• _PROBLEM TO SOLVE_:
Please write out exactly the lines from the one with "Nuvo Lighting - 60-7322" through the end of the data below, both ends included, and omit any pictures.
DATASET ENTRIES Start Marker
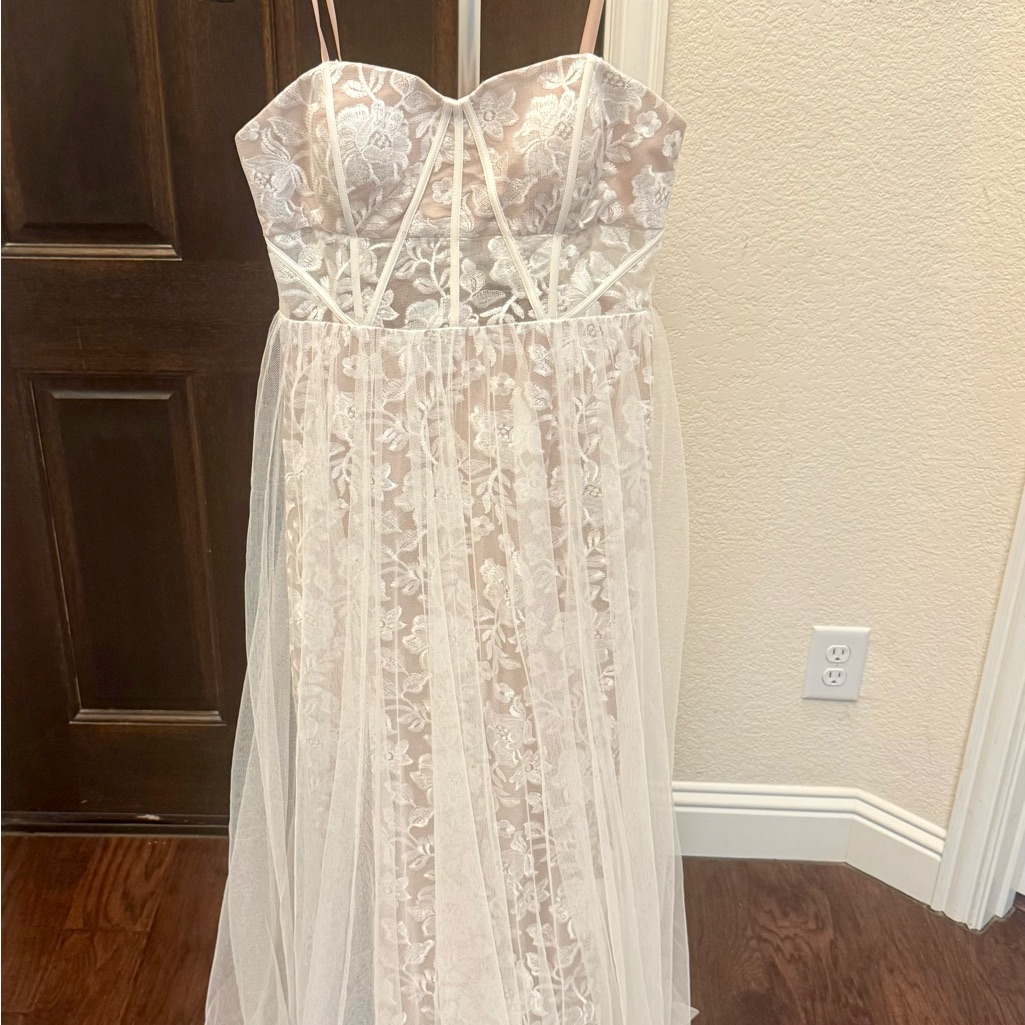 Elegant Lace Overlay White Dress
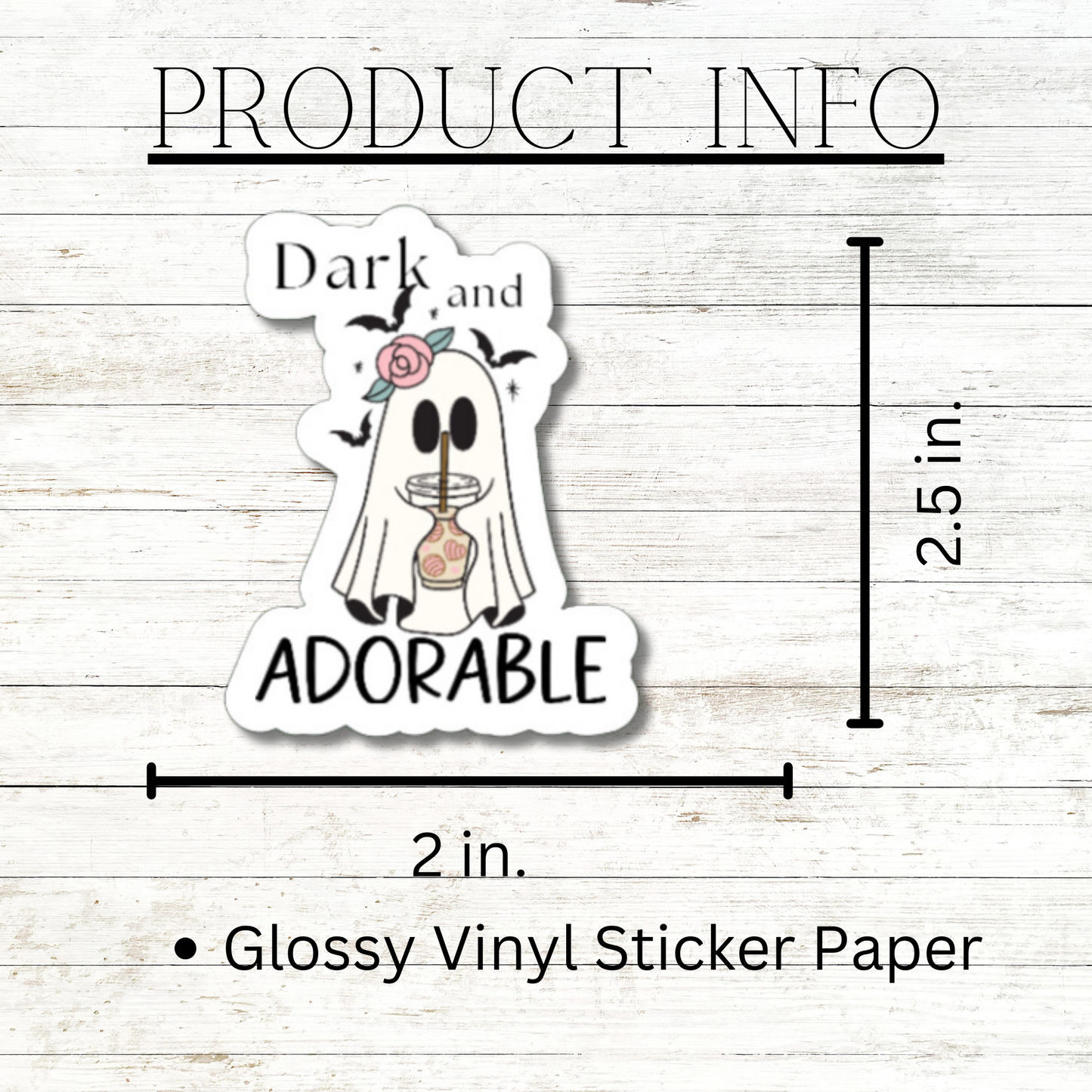 Dark and Adorable Funny Ghost Matte or Glossy vinyl sticker⎪gift for book lover⎪ laptop sticker ⎪ phone sticker
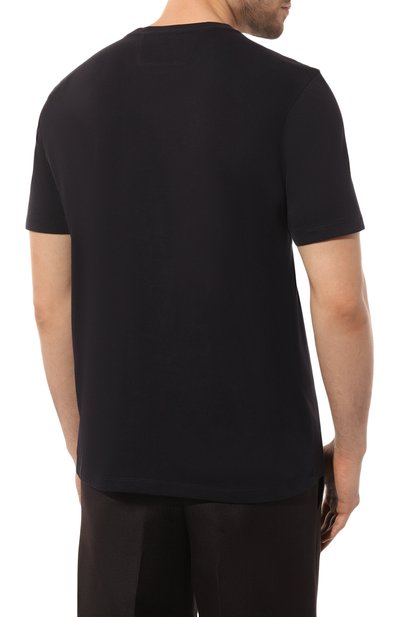 Хлопковая футболка C.P. COMPANY темно-синего цвета по цене 10400 руб., арт. 14CMTS046A-005100W, фото 4 Хлопковая футболка C.P. COMPANY, арт. 14CMTS046A-005100W, фото 4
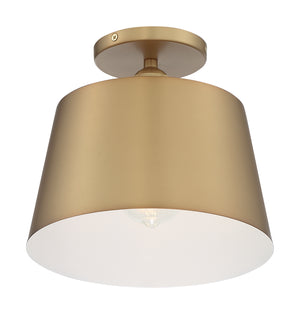 Nuvo Lighting - 60-7322 - One Light Semi Flush Mount - Motif - Brushed Brass / White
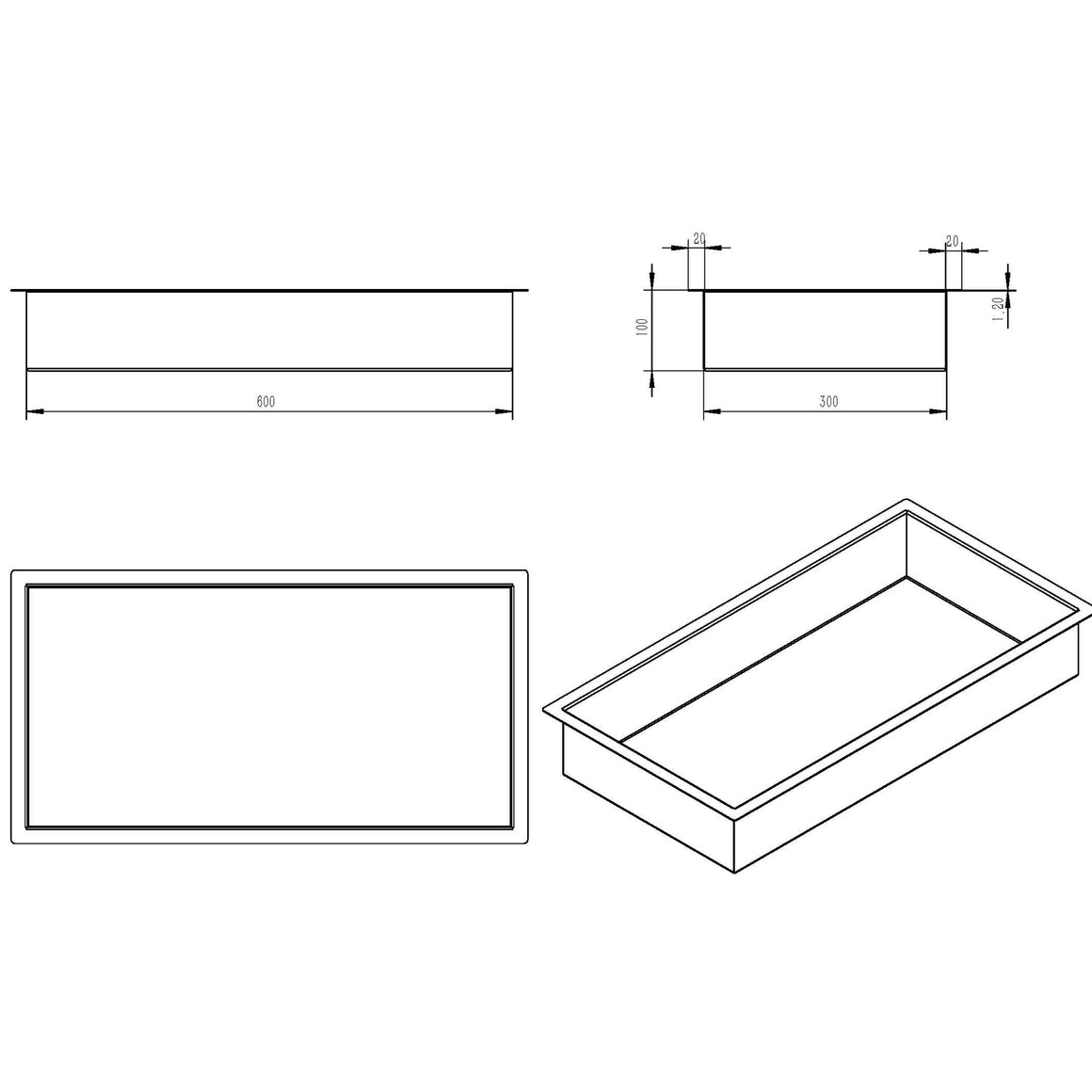 Wiesbaden Demis inbouwnis 30 x 60 x 10 cm / Mat wit - technische tekening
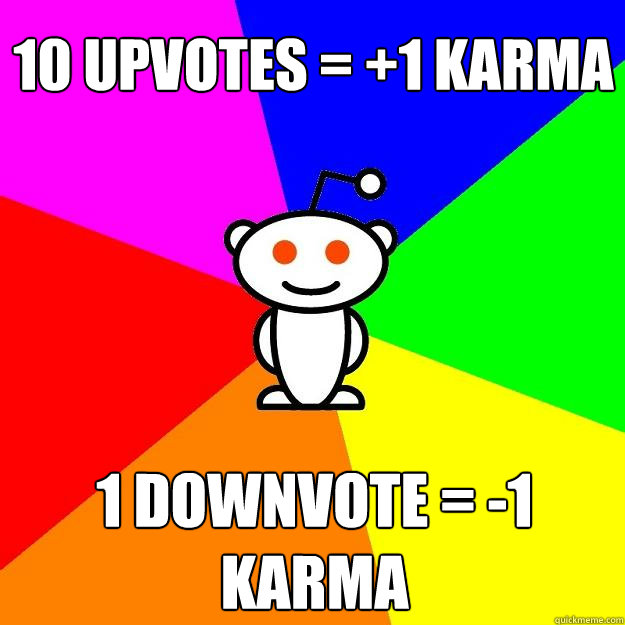 10 upvotes = +1 karma 1 downvote = -1 karma  Reddit Alien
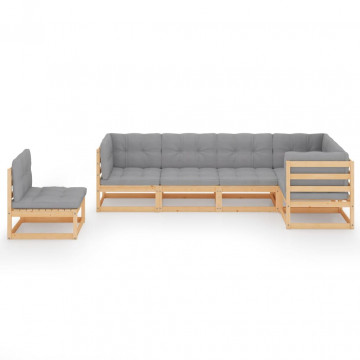 Set mobilier de grădină cu perne, 6 piese, lemn masiv de pin - Img 3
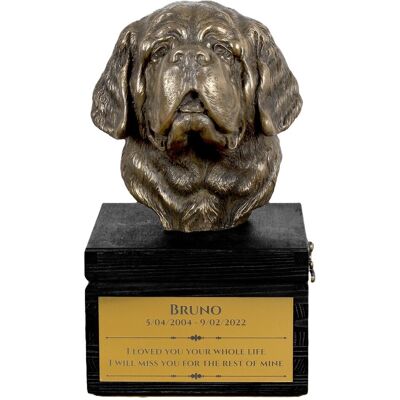 Bernardyn, Pies św. Bernarda - urna z grawerem i rzeźbą psa, ostatnie pożeganie, produkt ręcznie wykonany marki Art-Dog Bernardyn, Pies św. Bernarda - urna z grawerem i rzeźbą psa, ostatnie pożeganie, produkt ręcznie wykonany marki Art-Dog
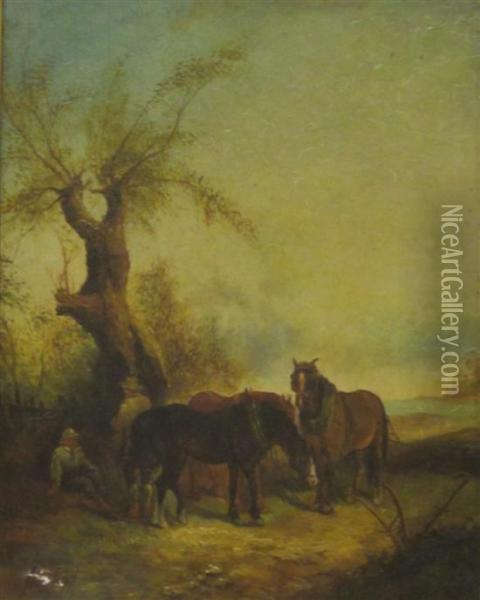 Plough Horses Resting Oil Painting - James Smyth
DATASET ENTRIES End Marker
• _EXPECTED OUTPUT_:
 Nuvo Lighting - 60-7322 - One Light Semi Flush Mount - Motif - Brushed Brass / White
 Wiesbaden Demis inbouwnis 30 x 60 x 10 cm / Mat wit - technische tekening
 10 upvotes = +1 karma 1 downvote = -1 karma  Reddit Alien
 Set mobilier de grădină cu perne, 6 piese, lemn masiv de pin - Img 3
 Bernardyn, Pies św. Bernarda - urna z grawerem i rzeźbą psa, ostatnie pożeganie, produkt ręcznie wykonany marki Art-Dog Bernardyn, Pies św. Bernarda - urna z grawerem i rzeźbą psa, ostatnie pożeganie, produkt ręcznie wykonany marki Art-Dog
 Plough Horses Resting Oil Painting - James Smyth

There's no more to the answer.